*** Opening of Source material ***

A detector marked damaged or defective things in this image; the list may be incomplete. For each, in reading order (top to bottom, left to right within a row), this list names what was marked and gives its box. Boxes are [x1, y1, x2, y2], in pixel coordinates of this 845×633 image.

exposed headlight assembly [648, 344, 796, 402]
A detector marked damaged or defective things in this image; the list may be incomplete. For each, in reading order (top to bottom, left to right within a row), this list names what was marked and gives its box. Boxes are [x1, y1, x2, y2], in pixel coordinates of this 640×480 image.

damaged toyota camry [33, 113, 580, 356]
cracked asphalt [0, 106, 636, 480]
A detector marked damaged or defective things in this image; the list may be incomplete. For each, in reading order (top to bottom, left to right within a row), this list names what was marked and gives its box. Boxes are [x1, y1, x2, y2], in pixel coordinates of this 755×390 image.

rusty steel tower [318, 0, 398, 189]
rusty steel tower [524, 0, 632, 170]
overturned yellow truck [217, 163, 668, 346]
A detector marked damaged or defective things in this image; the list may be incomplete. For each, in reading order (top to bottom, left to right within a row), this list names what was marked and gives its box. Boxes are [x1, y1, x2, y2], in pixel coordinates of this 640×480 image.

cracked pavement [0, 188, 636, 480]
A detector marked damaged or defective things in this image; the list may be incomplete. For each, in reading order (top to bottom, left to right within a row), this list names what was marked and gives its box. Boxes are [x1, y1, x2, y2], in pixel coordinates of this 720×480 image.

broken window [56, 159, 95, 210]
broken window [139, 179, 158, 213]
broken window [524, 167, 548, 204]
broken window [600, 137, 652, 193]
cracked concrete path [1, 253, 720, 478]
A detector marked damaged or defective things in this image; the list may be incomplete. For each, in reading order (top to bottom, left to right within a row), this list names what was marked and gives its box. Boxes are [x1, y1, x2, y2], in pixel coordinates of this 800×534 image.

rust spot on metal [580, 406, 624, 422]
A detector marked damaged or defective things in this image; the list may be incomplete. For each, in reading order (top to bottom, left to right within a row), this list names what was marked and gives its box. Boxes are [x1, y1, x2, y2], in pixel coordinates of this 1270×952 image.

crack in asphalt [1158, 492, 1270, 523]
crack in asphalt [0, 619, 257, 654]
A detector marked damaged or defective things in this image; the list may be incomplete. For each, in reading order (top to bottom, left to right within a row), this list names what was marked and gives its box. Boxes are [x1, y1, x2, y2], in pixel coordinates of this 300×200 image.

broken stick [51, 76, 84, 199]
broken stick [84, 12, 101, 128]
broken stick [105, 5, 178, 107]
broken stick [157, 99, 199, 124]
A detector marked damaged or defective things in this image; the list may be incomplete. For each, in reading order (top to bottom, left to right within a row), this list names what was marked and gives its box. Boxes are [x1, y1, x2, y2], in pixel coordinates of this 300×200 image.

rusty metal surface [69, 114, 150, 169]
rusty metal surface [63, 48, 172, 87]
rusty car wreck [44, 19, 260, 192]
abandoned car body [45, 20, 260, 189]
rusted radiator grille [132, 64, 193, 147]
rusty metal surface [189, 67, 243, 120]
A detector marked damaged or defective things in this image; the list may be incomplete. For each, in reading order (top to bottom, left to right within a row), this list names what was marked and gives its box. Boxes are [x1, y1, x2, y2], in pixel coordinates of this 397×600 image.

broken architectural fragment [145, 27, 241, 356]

*** Close of Source material ***

▸ Aim of the task
The line containing "this 397×600 image." and every line after it, through the last one above, should be written out word for word.

▸ Reply
A detector marked damaged or defective things in this image; the list may be incomplete. For each, in reading order (top to bottom, left to right within a row), this list names what was marked and gives its box. Boxes are [x1, y1, x2, y2], in pixel coordinates of this 397×600 image.

broken architectural fragment [145, 27, 241, 356]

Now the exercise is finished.